In church—which happened to be called St. Stephen’s—the sermon delivered by the priest, the Reverend Happy Sam Araali, centered on the creation story. (He must have been tipped off that I was coming.) We can dig wells, he said, but only God can create lakes and seas. That is a sign of how powerful God is, and it should make us respect him, since He can do things that are so much bigger and more difficult than anything we can do. So too with the creation of man. We can draw figures on a wall and confer upon them a certain vividness, Reverend Happy told the congregation, but only God could create the first humans and make them live by breathing the breath of life into their nostrils.
On the ride back to the field station, I asked the field assistant who had accompanied me whether he believed that the story of Adam and Eve was the literal truth. Yes, he did, he assured me; he was a good Christian. Then what did he make of the notion that we were closely related to chimpanzees? He laughed—“A very difficult problem,” he said—and then we both fell silent. The next day, when we were out in t
he forest observing the Edenic scene of grooming and Eslom’s mate-guarding, we did not pursue the subject.

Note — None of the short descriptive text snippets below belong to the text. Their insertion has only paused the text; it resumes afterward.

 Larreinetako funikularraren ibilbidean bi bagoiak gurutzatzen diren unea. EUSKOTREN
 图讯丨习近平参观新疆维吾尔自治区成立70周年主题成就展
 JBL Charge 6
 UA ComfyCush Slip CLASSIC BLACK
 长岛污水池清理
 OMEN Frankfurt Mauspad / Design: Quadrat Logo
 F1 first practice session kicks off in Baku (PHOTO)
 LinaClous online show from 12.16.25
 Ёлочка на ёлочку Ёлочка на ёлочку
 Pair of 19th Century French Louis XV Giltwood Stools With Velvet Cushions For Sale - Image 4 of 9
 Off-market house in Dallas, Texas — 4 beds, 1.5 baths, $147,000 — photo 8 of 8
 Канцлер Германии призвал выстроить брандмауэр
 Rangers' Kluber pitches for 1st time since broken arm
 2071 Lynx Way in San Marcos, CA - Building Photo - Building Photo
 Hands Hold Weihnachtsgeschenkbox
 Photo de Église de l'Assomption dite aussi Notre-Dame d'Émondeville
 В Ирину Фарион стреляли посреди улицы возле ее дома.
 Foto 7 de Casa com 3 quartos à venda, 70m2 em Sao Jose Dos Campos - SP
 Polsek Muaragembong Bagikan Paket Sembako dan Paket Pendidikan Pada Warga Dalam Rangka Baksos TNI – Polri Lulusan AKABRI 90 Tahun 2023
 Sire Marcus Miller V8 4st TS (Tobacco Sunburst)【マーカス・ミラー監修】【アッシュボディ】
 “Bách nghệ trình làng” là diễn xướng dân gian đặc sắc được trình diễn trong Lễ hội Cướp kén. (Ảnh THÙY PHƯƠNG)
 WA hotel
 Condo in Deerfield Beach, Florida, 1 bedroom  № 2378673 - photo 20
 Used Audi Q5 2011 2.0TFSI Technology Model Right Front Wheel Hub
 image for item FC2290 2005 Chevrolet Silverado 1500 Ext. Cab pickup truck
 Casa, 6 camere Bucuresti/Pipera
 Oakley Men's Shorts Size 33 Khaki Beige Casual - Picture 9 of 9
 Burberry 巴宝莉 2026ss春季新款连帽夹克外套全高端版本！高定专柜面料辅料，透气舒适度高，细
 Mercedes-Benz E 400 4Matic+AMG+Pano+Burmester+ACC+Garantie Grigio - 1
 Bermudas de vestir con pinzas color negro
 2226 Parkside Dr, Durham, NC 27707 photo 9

The alpha male’s cleaving to Bubbles set the stage for a scene I witnessed on the following morning that conjured up Genesis for me still more intensely. We were at breakfast at the camp when Melissa noticed a shadow near the entrance to the compound. At first she thought it was an elephant, but she realized quickly that it was a chimpanzee, and with the skill shared by all the scientists and field assistants, she immediately identified him as the beta male, Lanjo. We hurried down to see why he had come so uncharacteristically close to the human settlement.
He was sitting in a small patch of grass and leaves looking increasingly impatient. From time to time he slapped the ground noisily with his feet or hands. (I realized with a start where we get the otherwise inexplicable impulse to stamp our feet in frustration.) Then after ruffling the leaves, dragging a stick across the ground, and making a low noise, he reached out and gave a vine a violent shake. At last, the source of his impatience appeared: from out of the thick bush came a very uneasy female, nineteen-year-old Leona, looking over her shoulder and carrying her young child Lily. What had happened, the field assistant explained, was that Lanjo must have taken advantage of Eslom’s mate-guarding preoccupation to lure away Leona, who was also showing signs of being in heat, though not as vividly as Bubbles. They had slipped off and embarked on what the scientists call a consort, a kind of honeymoon away from the group and the jealous gaze of the dominant male. They would be beaten if they were caught; hence perhaps Leona’s anxiety and Lanjo’s cunning decision to come near the human settlement, where the group rarely ventures.
Alone at last, Lanjo and Leona shared a moment of chimpanzee tenderness: they gently touched rumps. With Lily clinging to her back, Leona bent over and allowed Lanjo to examine her vulva with his finger which he then held to his nose and sniffed. But it was not just for the six-second copulation that they were together. Through violating the will of the supreme ruler and risking punishment, they had become a couple. They looked around the clearing and glanced quickly at us. Then, set on continuing their consort, they plunged together into the dense thicket where, set on continuing our spying, we struggled to follow. The world was all before them.